2016 Fiscal Year Research-status Report
投資家との対話における株式アナリストの役割と可能性
Project/Area Number |
16K17217
|
Research Institution | Meiji University |
Principal Investigator |
奈良 沙織 明治大学, 商学部, 専任准教授 (40642880)
|
Project Period (FY) |
2016-04-01 – 2019-03-31
|
Keywords | アナリスト / アナリスト予想 / アナリストカバレッジ / ディスクロージャー / 経営者予想 / 価値関連性 |
Outline of Annual Research Achievements |
2016年度は主に以下2件について研究を行い、うち1件(後者)について学会発表を行った。 第1に、銀行借入依存度と企業のディスクロージャーおよび企業を取り巻く情報環境の関係について分析を行った。銀行借入依存度の高い企業では、資金調達を間接金融に頼っていることから、投資家向けの情報開示が疎かになっている可能性がある。こうした場合、アナリストによる調査など外部の情報提供が十分にあれば問題ないが、こうした企業ではアナリストによる調査も十分に行われていないことも多く、結果として投資家は情報の非対称性に伴う追加的なリスクを負うと考えられる。分析では、企業のディスクロージャーとして経営者予想を、企業を取り巻く情報環境としてアナリスト予想やその分散、アナリストカバレッジを取り上げ、それらと銀行借入依存度の高い企業の関係に関して調査を行った。この結果、銀行借入依存度の高い企業では経営者予想やアナリスト予想の精度が低く、アナリスト予想の分散が大きくなっていることが明らかになった。さらに、銀行借入依存度の高い企業ほど、経営者予想やアナリスト予想の情報が株価に織り込まれづらくなっていることが明らかになった。 第2に、企業規模による経営者予想とアナリスト予想の精度と価値関連性について調査した。大規模企業では一般的に企業から多くの情報が提供されているが、これに加え、アナリストによる情報提供など企業外部の情報も十分にある。
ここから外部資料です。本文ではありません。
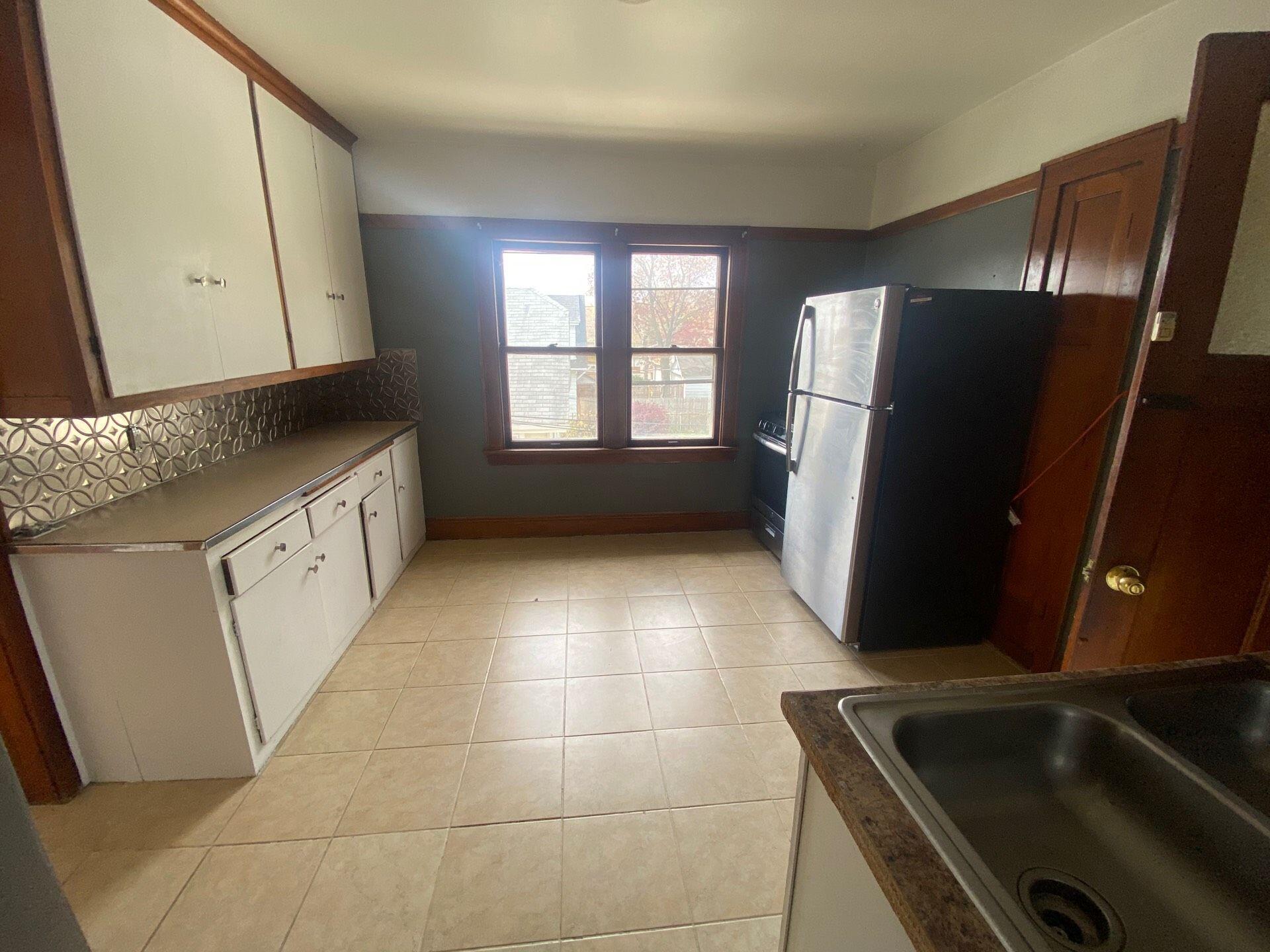 Wauwatosa, Wisconsin 53213, United States, 2 Bedrooms Bedrooms, ,1 BathroomBathrooms,Residential,Active,180369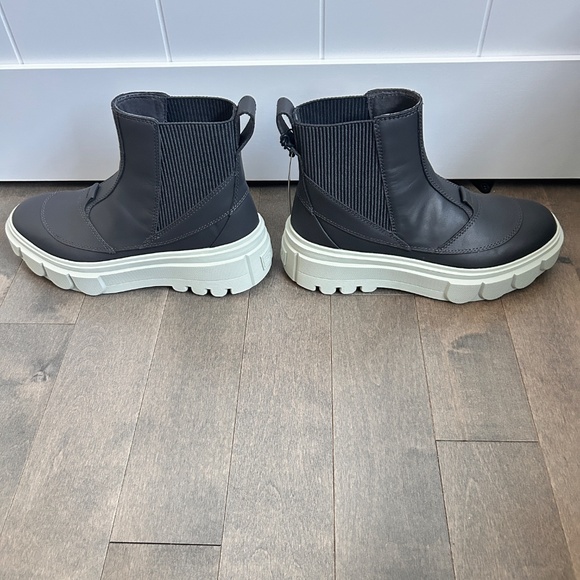 Sorel Womens Caribou X Chelsea Boot - Picture 5 of 12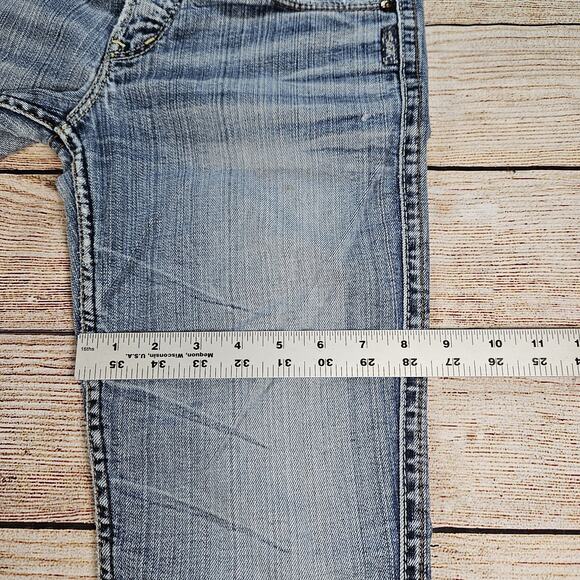Silver Jeans Twisted Bootcut Womens Size 26 Blue Distressed Denim Crop Raw Hem - Picture 4 of 8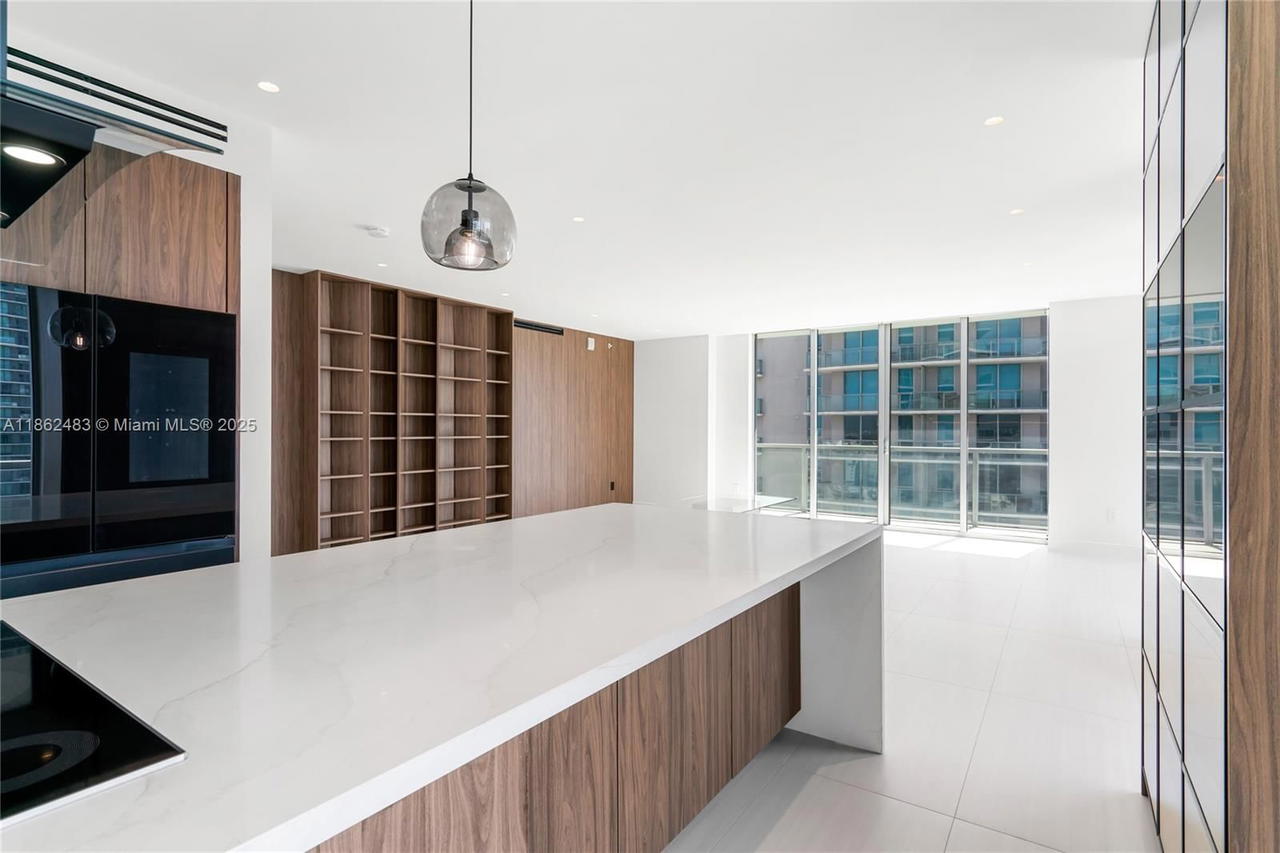 Real estate property located at 1111 1st Ave #3719-N, Miami-dade, The Axis On Brickell Ii C, Miami, FL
これに加えて、小規模企業ではアナリストによる情報提供は十分になく、企業による情報開示が重要となるため、企業規模によって経営者予想とアナリスト予想の重要性は異なると考えられる。本研究の分析の結果、小規模企業では経営者予想の精度と価値関連性が高く、大規模企業ではアナリスト予想の精度と価値関連性が高いことが明らかになった。
|
Current Status of Research Progress |
Current Status of Research Progress
2: Research has progressed on the whole more than it was originally planned.
Reason
当該研究テーマに関し、研究実績の概要に示した研究は学会で発表を行い、発表時に得たコメントをもとに修正を行い投稿の準備を進めている。加えて、分析に必要なデータは決算のタイミングでアップデートしておりデータベースの構築も行っている。さらに、学会発表にまでは至っていなものの、分析を進めている研究もあることから、おおむね順調に推移していると考えている。
|
Strategy for Future Research Activity |
既に学会で発表を行った研究に関しては、論文としてまとめるなど投稿の準備を進めている。まだ学会発表等に至っていない研究に関しては順次分析を進める。なお、必要なデータに関しては整備を進めており、財務関連のデータに関しては順次アップデートしながら分析を行っていく。